Yaşayan Güven'e Karşı
İrade ve Yaşayan Güven, çağrışımları ve kavramları konusunda çok dikkatli bir şekilde anlaşılması gereken iki terimdir..
İrade ve Yaşayan güven, hem emlak planlaması hem de emlak planlaması ile ilgilidir. Aslında ikisi de bireyin ölümü üzerine mülkün veya mülkün bölünmesini hedefler. Will genellikle bir mülkün ölüme nasıl bölüneceğini saptamak amacıyla hazırlanır..
Vasiyetnamenin yaratılmasında bireyler tarafından adlandırılan yararlanıcıların ve uygulayıcıların görülmesi oldukça yaygındır.
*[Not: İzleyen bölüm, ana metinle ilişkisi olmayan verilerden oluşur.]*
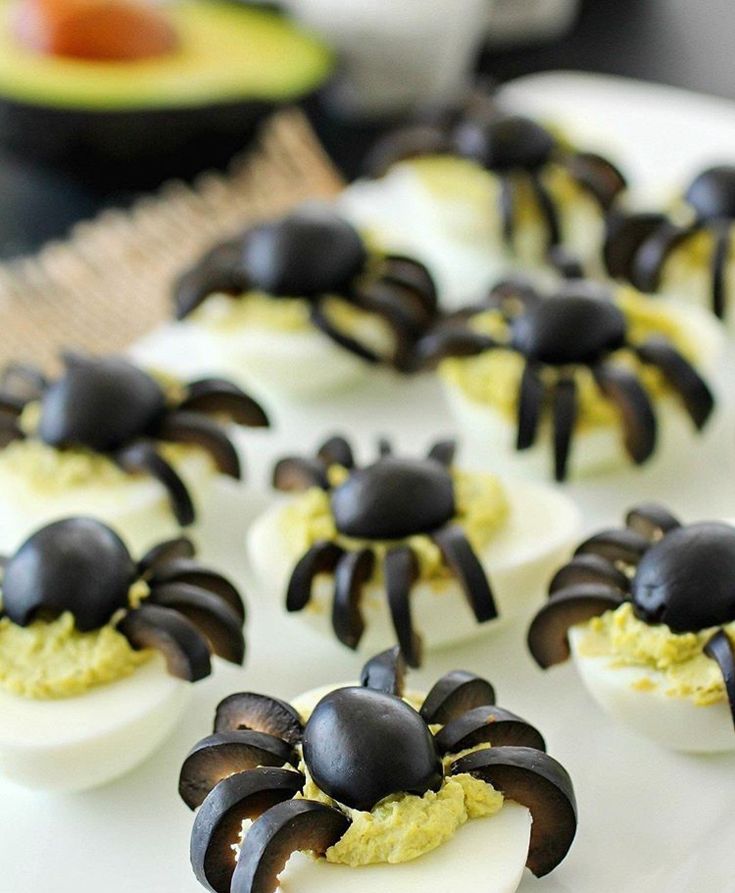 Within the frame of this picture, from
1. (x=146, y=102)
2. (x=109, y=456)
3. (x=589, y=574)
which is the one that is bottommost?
(x=146, y=102)

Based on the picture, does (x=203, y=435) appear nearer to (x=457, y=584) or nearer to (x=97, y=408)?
(x=97, y=408)

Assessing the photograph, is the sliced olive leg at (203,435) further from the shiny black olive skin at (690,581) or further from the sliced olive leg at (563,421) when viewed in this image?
the shiny black olive skin at (690,581)

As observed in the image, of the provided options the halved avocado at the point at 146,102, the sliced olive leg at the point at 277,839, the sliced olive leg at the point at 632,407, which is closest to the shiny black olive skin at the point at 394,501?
the sliced olive leg at the point at 632,407

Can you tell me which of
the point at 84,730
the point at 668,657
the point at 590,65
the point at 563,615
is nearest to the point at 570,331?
the point at 563,615

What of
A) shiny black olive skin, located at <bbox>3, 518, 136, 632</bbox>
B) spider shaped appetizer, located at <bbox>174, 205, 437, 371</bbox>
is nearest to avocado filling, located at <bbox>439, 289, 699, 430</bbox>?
spider shaped appetizer, located at <bbox>174, 205, 437, 371</bbox>

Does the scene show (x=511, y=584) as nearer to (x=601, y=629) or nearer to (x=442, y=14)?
(x=601, y=629)

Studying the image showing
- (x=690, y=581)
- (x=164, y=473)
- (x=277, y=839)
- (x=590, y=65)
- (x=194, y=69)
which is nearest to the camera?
(x=277, y=839)

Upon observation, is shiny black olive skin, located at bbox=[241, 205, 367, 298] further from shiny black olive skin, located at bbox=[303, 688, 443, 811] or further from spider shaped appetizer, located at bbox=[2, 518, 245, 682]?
shiny black olive skin, located at bbox=[303, 688, 443, 811] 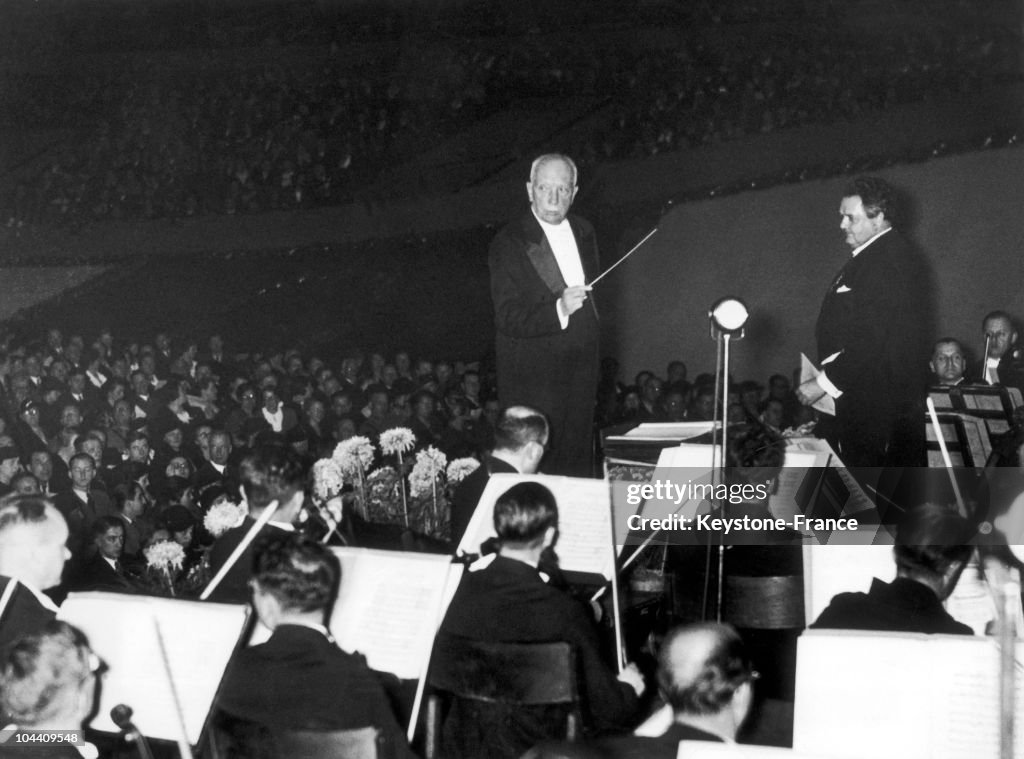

Bu yararlanıcılar, büyük varisler için varlıklar ve küçük çocuklar için veliler dağıtacak.
Canlı güven, varlıkların ölümde nasıl bölünmesi gerektiğini belirtir. Yaşayan bir güven söz konusu olduğunda, birey güvenin ardılıdır. Güvenin halefinin, yöneticinin üzerinde sahip olduğu tüm güce sahip olduğunu bilmek önemlidir..
İrade ve yaşayan güven arasındaki temel farklardan biri, yaşayan güvenin, bir kişi yaşarken bile varlıkların güvenin tevdi edilmesine izin vermesidir. İkisi arasındaki bir diğer önemli fark, mahkemenin genellikle vasiyetname halinde mülk dağıtımında yer almasıdır.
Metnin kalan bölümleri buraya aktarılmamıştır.